- **Goal of the exercise**
For this exercise, please transcribe exactly and only the lines from the one containing "Кронштейн двигателя правый Volkswagen Passat" through the end of the material, both ends included, without pictures.

- **Data to use**
******************************
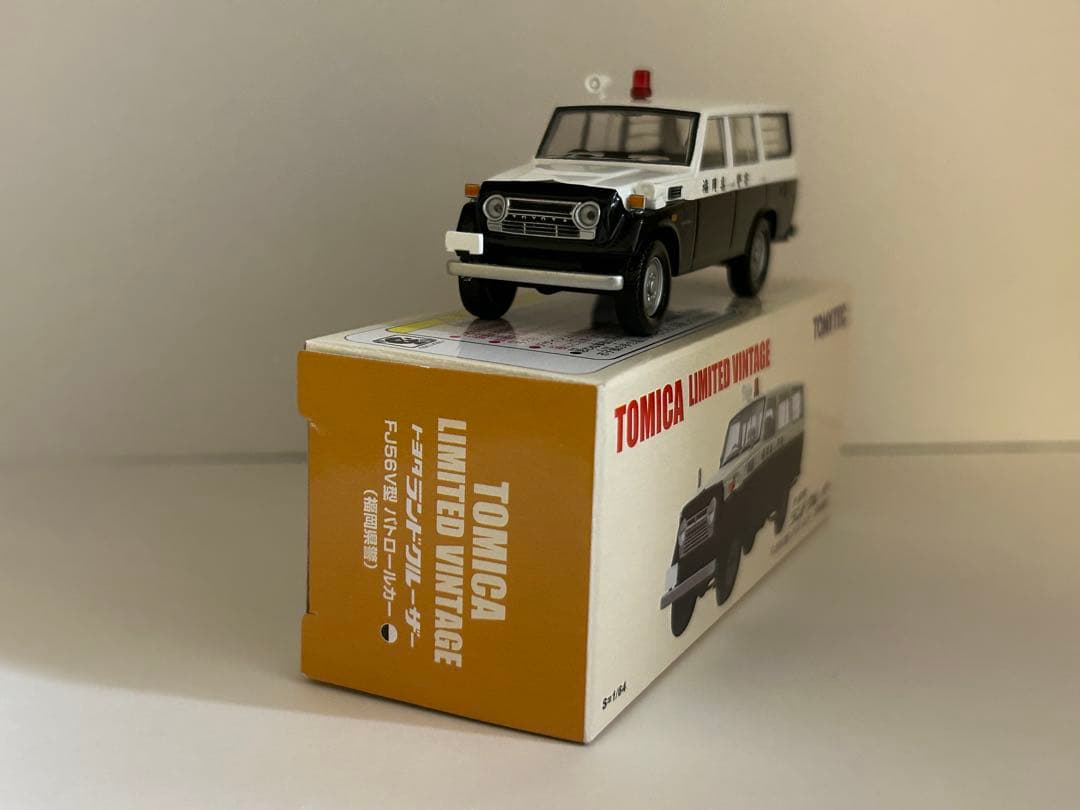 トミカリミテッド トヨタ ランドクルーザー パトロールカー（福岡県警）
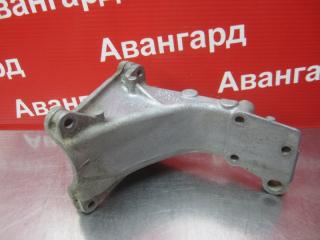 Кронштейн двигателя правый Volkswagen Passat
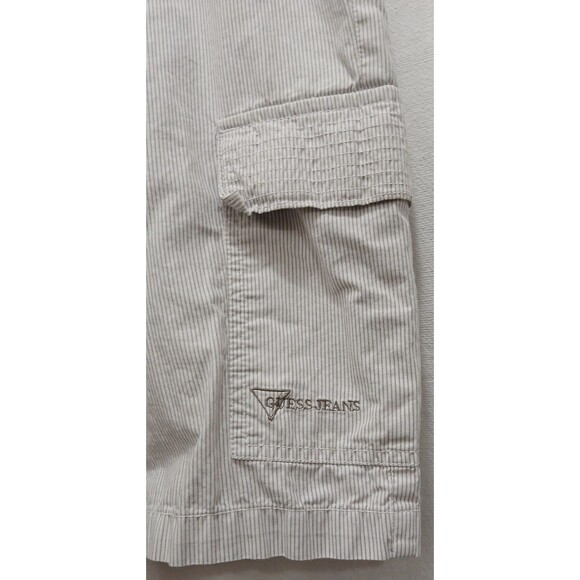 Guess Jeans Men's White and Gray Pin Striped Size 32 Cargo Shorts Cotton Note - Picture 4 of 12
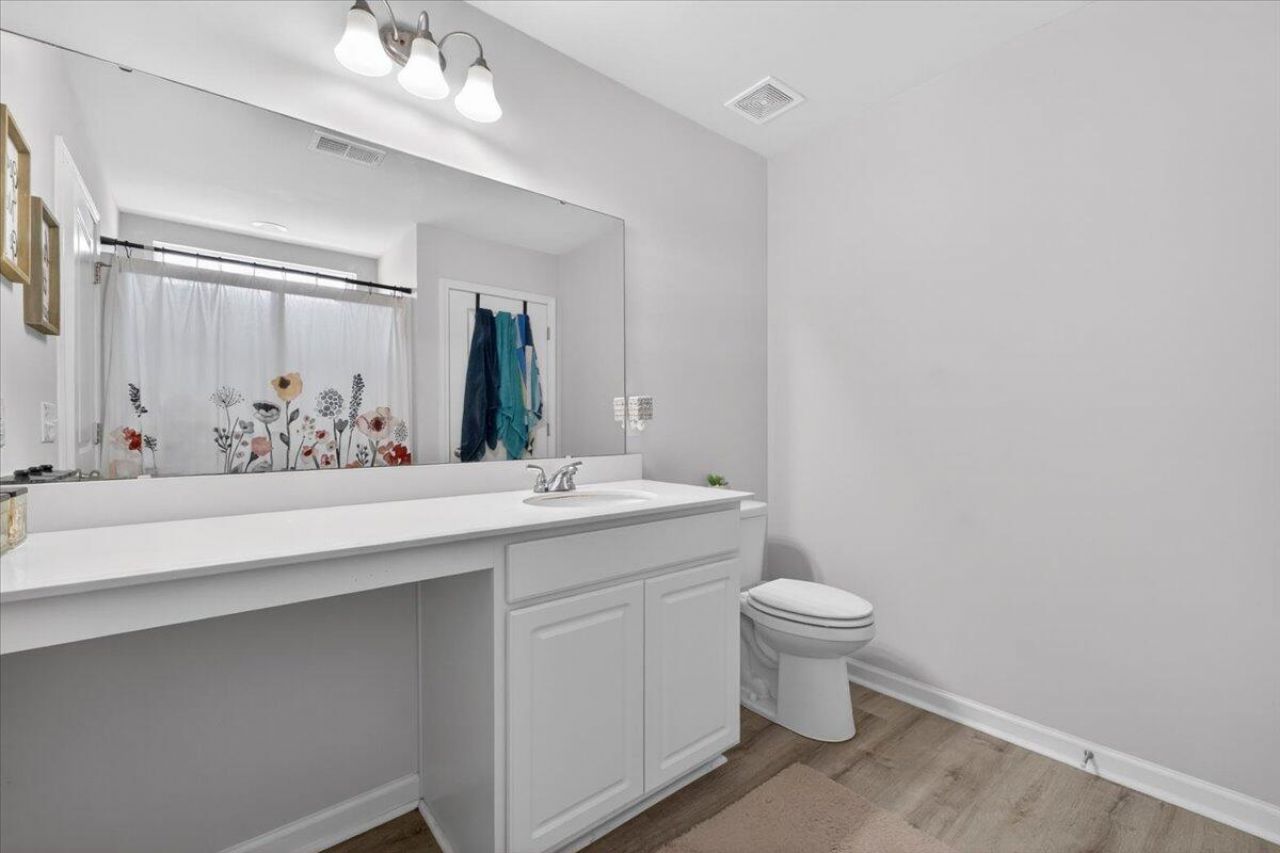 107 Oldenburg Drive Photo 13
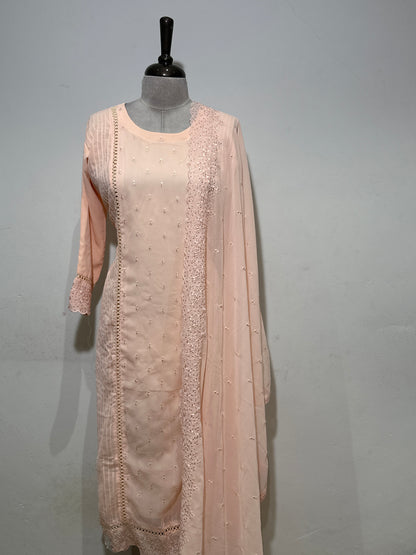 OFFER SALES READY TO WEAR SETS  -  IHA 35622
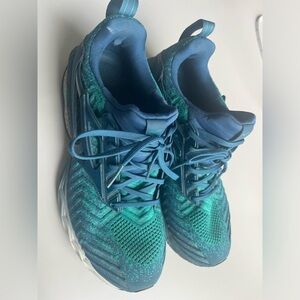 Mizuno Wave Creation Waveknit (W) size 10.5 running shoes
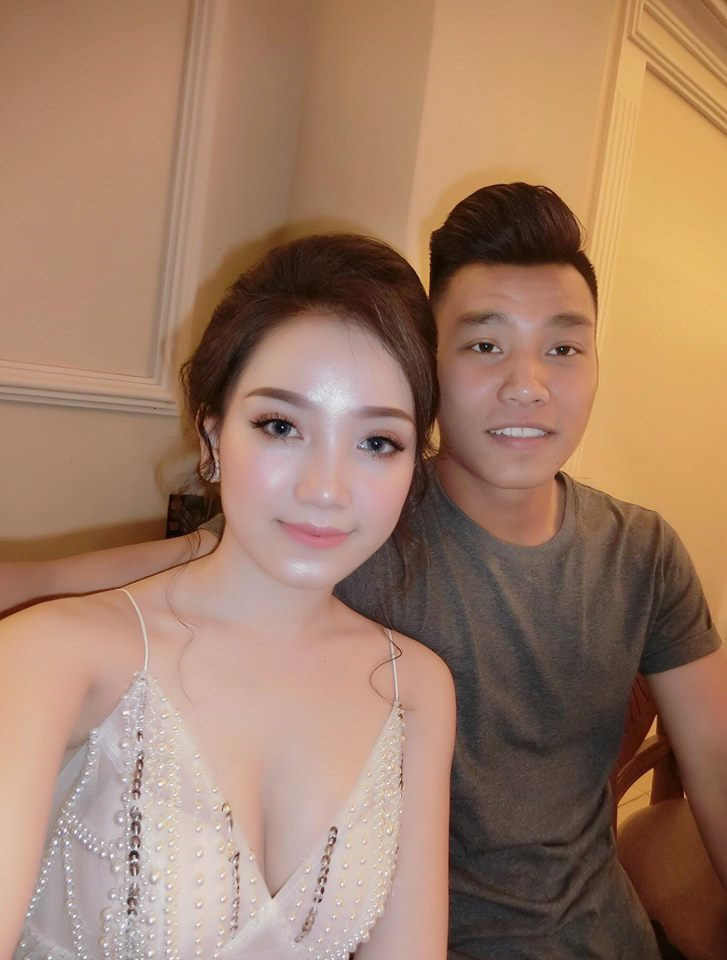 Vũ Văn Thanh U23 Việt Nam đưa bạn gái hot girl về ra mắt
******************************
- **Answer for the task**
 Кронштейн двигателя правый Volkswagen Passat
 Guess Jeans Men's White and Gray Pin Striped Size 32 Cargo Shorts Cotton Note - Picture 4 of 12
 107 Oldenburg Drive Photo 13
 OFFER SALES READY TO WEAR SETS  -  IHA 35622
 Mizuno Wave Creation Waveknit (W) size 10.5 running shoes
 Vũ Văn Thanh U23 Việt Nam đưa bạn gái hot girl về ra mắt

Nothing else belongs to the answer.